> **What you will do**
Please repeat, from the entries that follow, the lines from the one containing "Moro khaki+zelené šaty" through the one containing "M1v M1v woven" exactly, adding nothing.

> **Data for review**
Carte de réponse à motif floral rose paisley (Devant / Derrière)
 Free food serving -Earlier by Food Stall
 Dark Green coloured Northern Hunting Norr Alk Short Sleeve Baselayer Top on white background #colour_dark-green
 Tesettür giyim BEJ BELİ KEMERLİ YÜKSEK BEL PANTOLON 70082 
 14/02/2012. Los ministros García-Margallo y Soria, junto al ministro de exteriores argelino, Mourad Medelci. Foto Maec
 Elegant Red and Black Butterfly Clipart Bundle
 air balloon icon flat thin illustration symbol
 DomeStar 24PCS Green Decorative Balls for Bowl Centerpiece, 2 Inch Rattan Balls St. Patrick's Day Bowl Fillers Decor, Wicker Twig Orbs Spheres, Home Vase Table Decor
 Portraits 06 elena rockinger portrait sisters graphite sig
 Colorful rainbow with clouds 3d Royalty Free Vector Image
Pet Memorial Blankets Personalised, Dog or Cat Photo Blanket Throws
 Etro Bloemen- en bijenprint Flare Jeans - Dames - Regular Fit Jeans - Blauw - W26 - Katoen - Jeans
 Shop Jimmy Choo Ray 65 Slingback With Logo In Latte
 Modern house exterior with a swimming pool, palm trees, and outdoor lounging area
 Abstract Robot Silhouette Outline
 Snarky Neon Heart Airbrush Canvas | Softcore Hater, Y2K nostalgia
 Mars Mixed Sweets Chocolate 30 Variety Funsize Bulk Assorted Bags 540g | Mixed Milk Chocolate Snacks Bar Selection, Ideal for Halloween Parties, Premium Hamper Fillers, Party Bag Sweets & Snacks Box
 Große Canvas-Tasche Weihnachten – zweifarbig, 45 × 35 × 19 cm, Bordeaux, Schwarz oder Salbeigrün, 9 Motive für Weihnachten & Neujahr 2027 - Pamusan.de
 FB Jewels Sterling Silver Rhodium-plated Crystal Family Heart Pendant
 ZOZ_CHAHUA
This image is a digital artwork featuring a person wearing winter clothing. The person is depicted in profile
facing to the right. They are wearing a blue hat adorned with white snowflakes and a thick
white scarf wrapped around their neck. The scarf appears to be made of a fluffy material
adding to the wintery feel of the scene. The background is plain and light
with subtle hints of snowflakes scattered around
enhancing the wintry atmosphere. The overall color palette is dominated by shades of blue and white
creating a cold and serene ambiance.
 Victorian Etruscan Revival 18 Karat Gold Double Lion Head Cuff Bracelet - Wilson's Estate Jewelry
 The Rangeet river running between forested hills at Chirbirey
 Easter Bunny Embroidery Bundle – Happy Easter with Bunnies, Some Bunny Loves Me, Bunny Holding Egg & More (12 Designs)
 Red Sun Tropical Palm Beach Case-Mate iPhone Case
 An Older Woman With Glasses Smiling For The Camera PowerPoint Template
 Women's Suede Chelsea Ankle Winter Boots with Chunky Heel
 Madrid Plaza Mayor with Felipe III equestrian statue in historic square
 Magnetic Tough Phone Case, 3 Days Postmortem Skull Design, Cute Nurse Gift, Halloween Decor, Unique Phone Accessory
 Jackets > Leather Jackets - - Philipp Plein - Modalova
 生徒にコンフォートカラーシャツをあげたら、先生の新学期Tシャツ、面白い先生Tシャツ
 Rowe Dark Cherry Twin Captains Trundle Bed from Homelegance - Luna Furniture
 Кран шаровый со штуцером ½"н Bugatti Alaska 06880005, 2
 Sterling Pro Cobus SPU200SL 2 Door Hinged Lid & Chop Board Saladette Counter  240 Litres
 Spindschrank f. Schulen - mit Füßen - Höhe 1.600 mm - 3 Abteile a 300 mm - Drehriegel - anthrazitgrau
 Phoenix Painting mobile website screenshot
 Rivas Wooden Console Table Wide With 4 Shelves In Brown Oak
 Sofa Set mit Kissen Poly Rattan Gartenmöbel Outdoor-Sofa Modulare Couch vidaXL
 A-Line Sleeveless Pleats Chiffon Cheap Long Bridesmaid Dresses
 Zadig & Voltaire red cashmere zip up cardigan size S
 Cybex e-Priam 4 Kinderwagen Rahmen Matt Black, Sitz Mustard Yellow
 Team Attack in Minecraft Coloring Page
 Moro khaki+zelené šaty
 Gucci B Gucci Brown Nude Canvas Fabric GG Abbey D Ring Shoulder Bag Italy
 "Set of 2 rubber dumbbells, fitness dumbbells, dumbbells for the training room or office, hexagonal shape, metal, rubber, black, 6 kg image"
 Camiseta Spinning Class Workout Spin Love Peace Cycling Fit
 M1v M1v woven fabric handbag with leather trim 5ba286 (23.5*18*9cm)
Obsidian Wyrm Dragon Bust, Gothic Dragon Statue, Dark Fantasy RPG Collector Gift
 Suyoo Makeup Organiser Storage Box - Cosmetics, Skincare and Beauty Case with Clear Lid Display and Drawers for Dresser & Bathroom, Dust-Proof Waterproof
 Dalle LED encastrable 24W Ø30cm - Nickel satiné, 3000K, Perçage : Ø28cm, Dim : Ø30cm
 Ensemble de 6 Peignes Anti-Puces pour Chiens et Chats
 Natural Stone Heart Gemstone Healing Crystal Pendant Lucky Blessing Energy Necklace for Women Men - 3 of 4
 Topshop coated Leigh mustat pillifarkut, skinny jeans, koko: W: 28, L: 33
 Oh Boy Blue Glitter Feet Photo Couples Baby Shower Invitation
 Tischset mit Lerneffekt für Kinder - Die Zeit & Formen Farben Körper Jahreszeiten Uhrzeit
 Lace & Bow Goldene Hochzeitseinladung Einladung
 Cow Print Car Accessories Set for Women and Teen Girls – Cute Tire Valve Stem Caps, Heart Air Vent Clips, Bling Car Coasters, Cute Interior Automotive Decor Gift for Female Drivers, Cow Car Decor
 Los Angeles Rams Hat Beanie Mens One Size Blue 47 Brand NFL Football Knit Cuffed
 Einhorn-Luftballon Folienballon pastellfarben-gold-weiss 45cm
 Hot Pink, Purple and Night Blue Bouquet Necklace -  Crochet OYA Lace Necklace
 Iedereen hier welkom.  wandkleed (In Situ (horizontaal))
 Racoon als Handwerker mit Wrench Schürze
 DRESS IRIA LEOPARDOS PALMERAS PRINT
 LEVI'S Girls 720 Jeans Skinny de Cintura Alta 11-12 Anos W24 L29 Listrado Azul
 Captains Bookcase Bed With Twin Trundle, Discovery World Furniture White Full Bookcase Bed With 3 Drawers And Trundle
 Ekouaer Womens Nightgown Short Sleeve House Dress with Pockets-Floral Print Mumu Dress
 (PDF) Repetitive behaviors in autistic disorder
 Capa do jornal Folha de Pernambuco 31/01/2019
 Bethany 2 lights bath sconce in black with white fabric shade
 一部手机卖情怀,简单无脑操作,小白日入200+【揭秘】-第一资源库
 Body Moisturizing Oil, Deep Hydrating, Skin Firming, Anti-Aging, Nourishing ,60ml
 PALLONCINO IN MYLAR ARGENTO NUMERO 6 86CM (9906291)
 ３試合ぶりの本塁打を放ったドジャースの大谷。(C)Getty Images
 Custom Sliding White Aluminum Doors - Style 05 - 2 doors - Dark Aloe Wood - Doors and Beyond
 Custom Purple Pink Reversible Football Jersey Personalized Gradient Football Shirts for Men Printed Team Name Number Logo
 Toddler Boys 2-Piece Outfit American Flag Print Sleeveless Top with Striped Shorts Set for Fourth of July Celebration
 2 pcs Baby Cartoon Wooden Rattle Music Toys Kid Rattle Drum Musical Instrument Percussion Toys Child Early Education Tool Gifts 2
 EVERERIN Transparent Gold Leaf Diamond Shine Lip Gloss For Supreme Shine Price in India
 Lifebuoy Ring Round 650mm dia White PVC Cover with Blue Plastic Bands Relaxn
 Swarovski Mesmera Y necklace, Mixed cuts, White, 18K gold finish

> **Answer**
 Moro khaki+zelené šaty
 Gucci B Gucci Brown Nude Canvas Fabric GG Abbey D Ring Shoulder Bag Italy
 "Set of 2 rubber dumbbells, fitness dumbbells, dumbbells for the training room or office, hexagonal shape, metal, rubber, black, 6 kg image"
 Camiseta Spinning Class Workout Spin Love Peace Cycling Fit
 M1v M1v woven fabric handbag with leather trim 5ba286 (23.5*18*9cm)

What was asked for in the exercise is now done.